[Records from a data source]
§ §

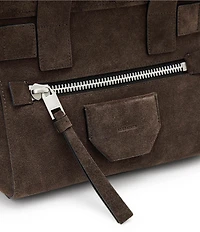 ALLSAINTS Perez Suede Mini Satchel Bag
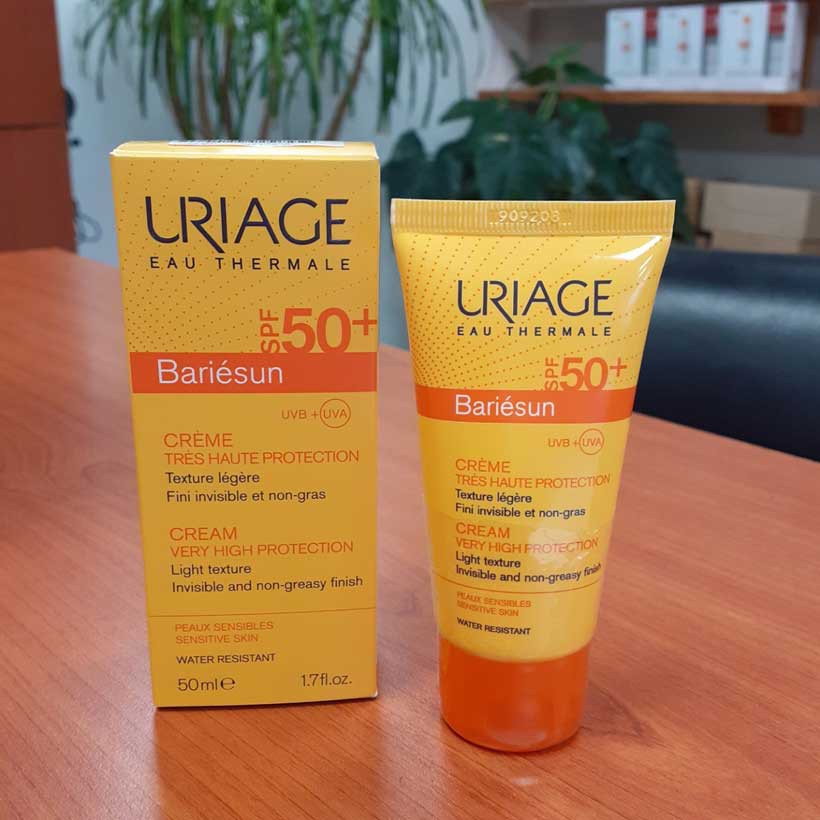 [Quà tặng] Kem chống nắng bảo vệ cho da nhạy cảm Uriage Bariésun SPF50+ Crème 50ml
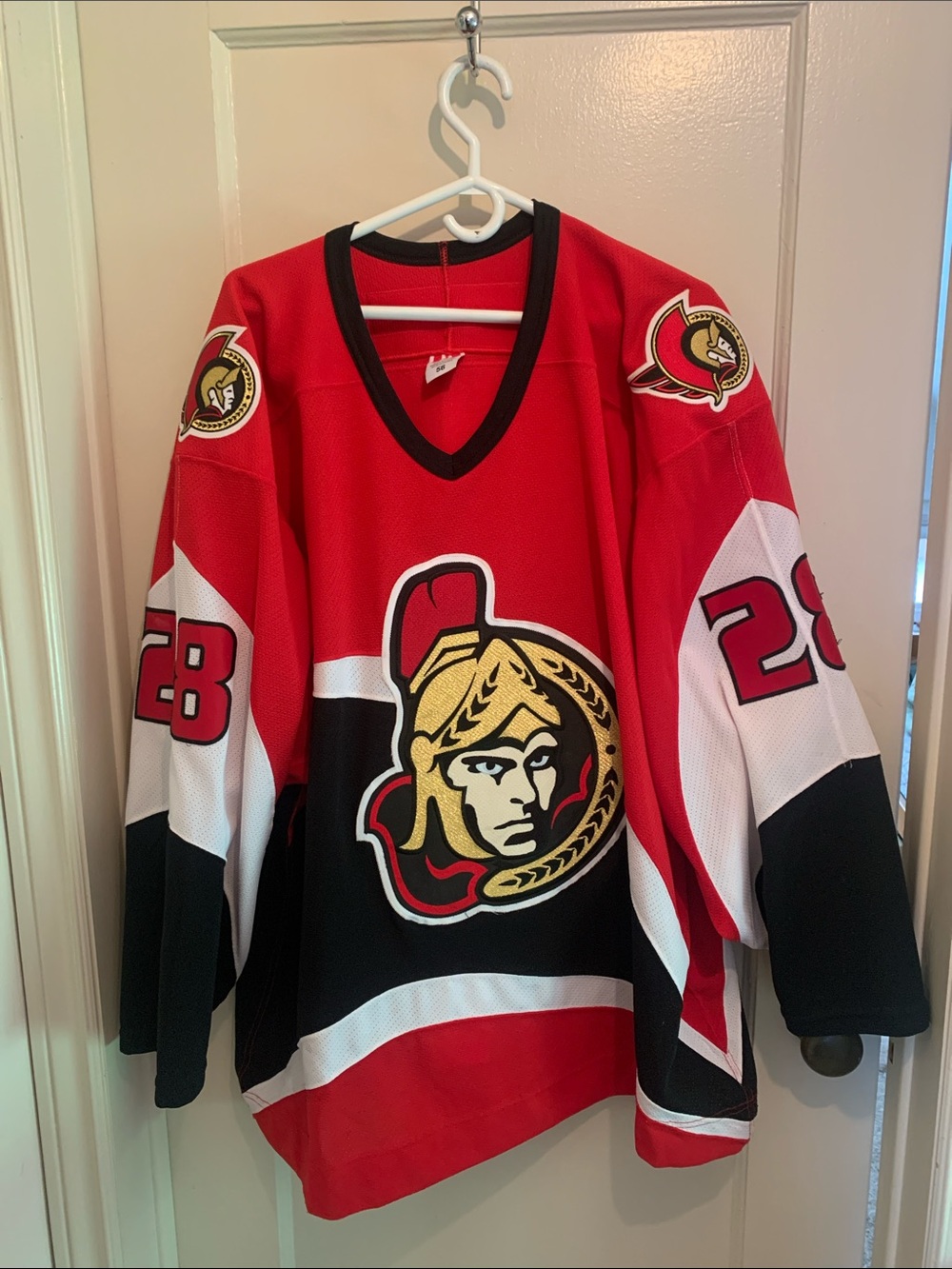 Collin White Ottawa Senators Game Worn CCM NHL Hockey Jersey 2002-3 season SZ 56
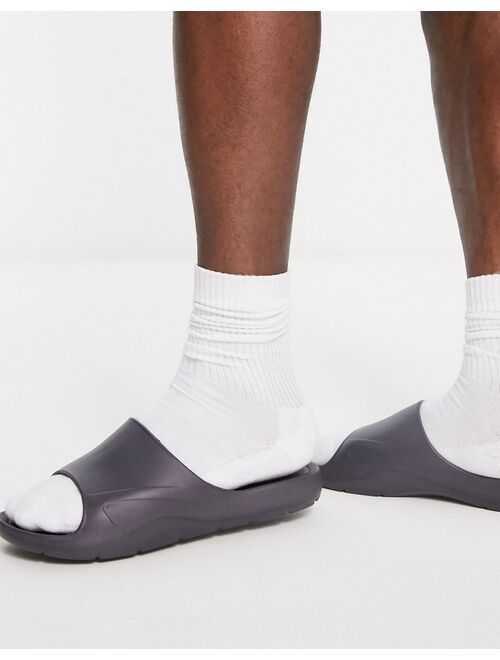 River Island moulded sliders in gray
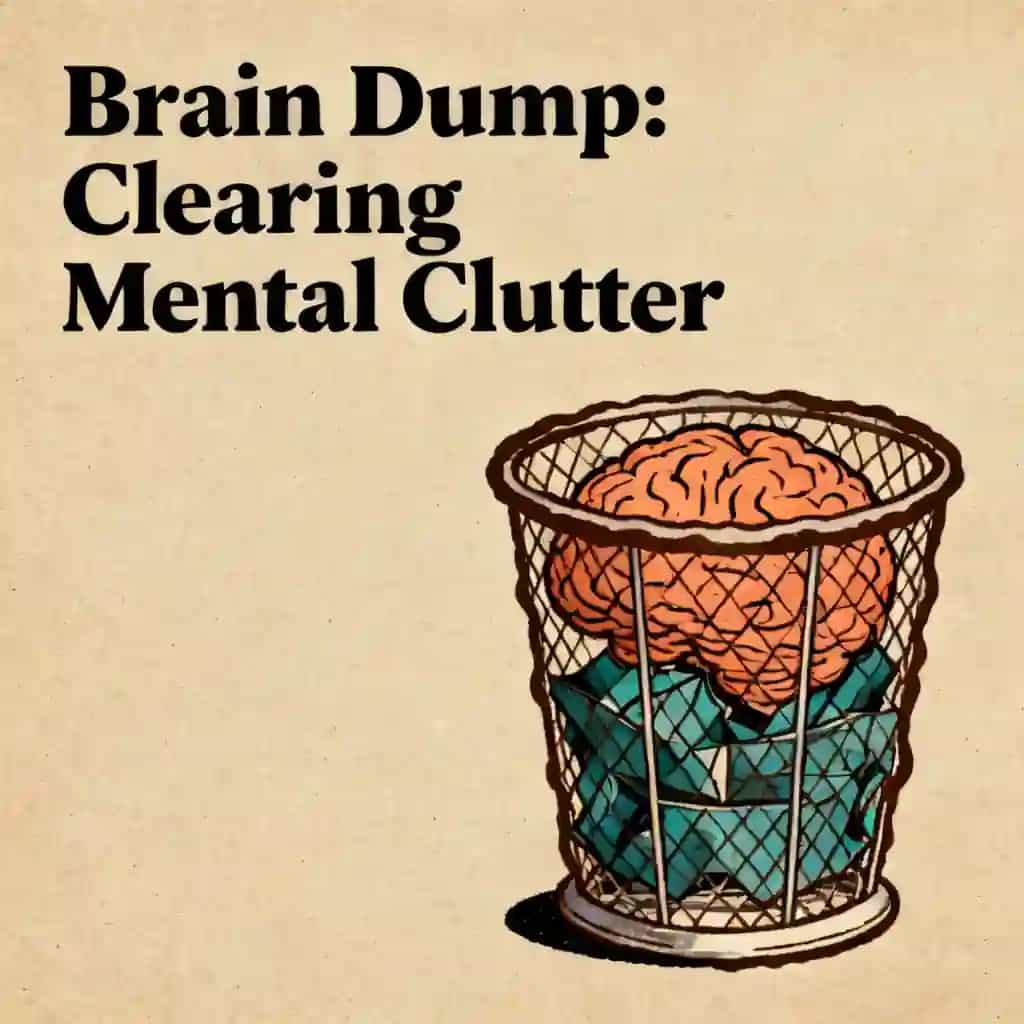 How to start a brain dump and clear mental clutter book cover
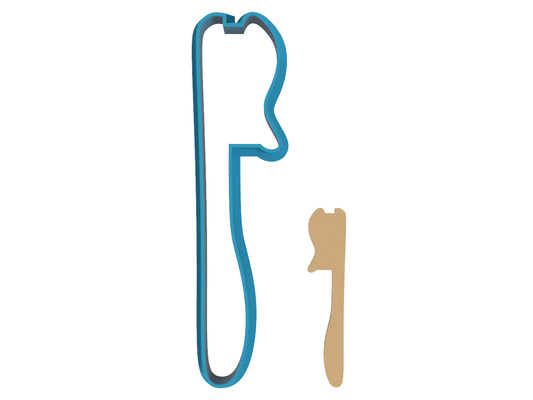 Toothbrush Outline - Cookie Cutter / Sugar Cookie / Fondant / Clay (1418)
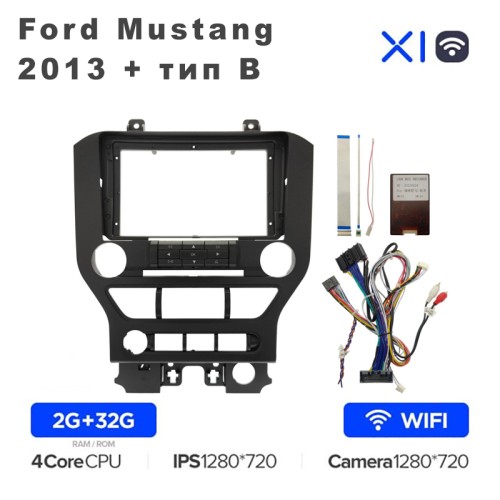 Штатная магнитола Teyes X1 Wi-Fi 9" для Ford Mustang 2013 + тип B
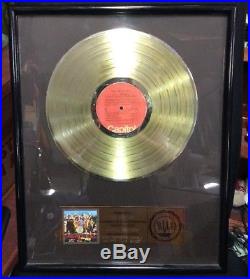 The Beatles Sgt. Peppers Certified RIAA Sales Award Framed Gold Record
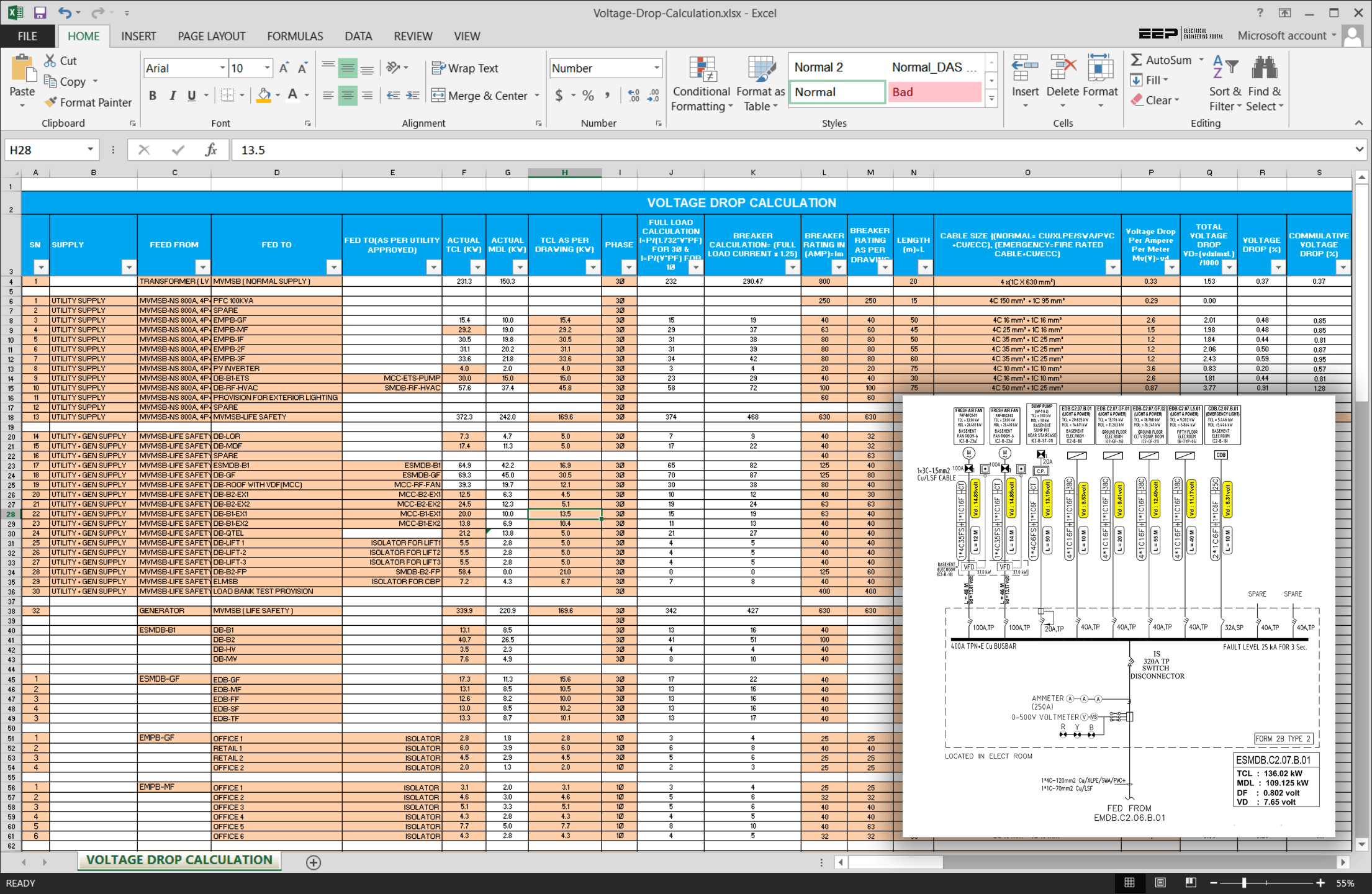 Wire Voltage Drop Chart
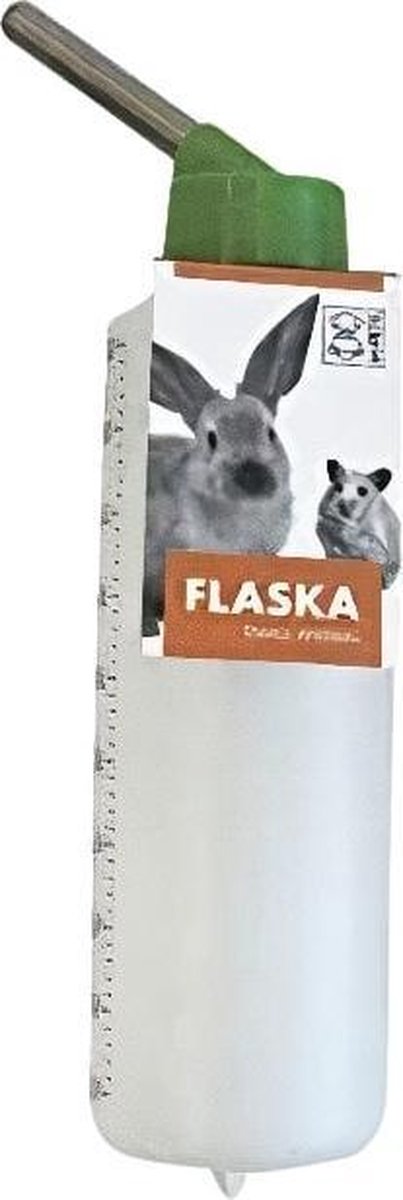 M-pets Kooifles Flaska Knaagdier 250 Ml Rvs Groen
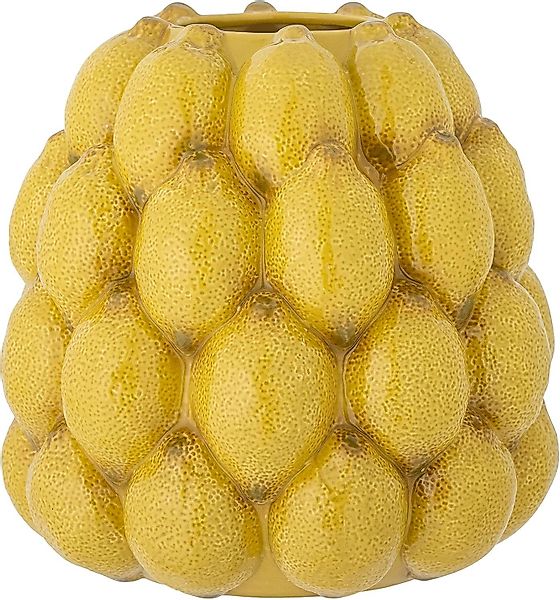 Bloomingville Dekovase Limone, Steingut günstig online kaufen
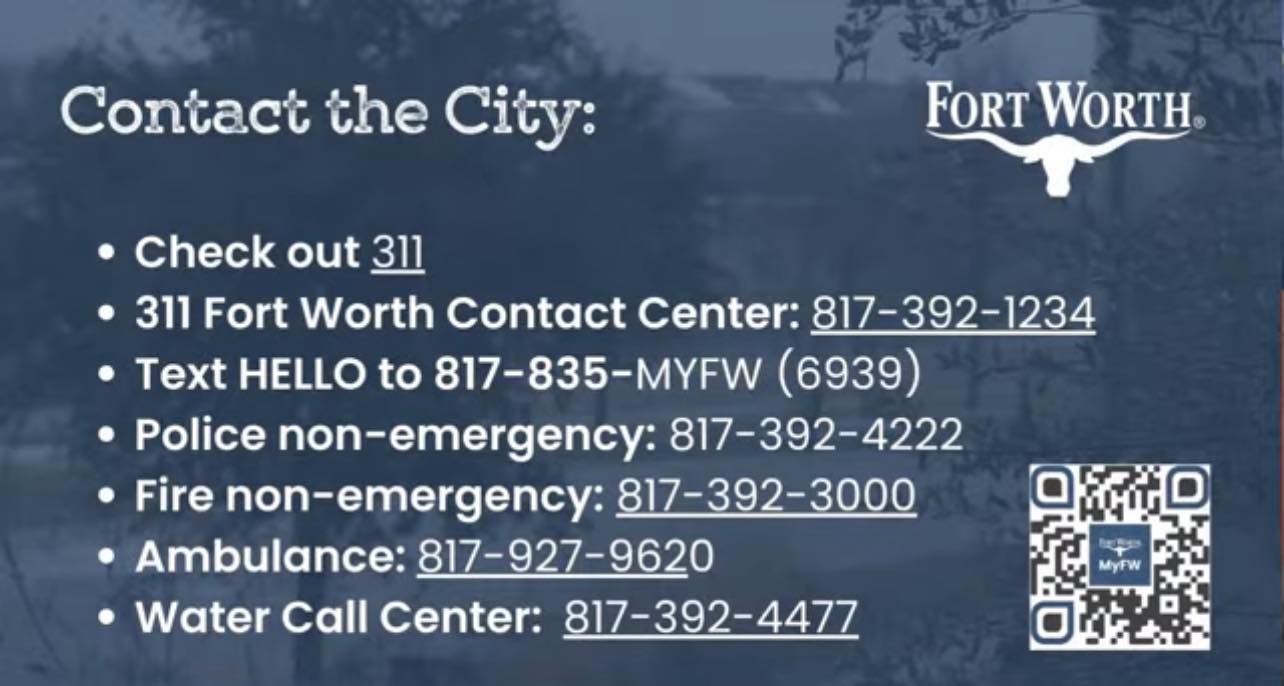 Texas City Non-Emergency Numbers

§ §

ABOUT THIS EXERCISE
Leave out every picture and transcribe the remaining entries exactly.

SOLUTION TO THIS EXERCISE
 ALLSAINTS Perez Suede Mini Satchel Bag
 [Quà tặng] Kem chống nắng bảo vệ cho da nhạy cảm Uriage Bariésun SPF50+ Crème 50ml
 Collin White Ottawa Senators Game Worn CCM NHL Hockey Jersey 2002-3 season SZ 56
 River Island moulded sliders in gray
 How to start a brain dump and clear mental clutter book cover
 Toothbrush Outline - Cookie Cutter / Sugar Cookie / Fondant / Clay (1418)
 Штатная магнитола Teyes X1 Wi-Fi 9" для Ford Mustang 2013 + тип B
 The Beatles Sgt. Peppers Certified RIAA Sales Award Framed Gold Record
 Wire Voltage Drop Chart
 M-pets Kooifles Flaska Knaagdier 250 Ml Rvs Groen
 Bloomingville Dekovase Limone, Steingut günstig online kaufen
 Texas City Non-Emergency Numbers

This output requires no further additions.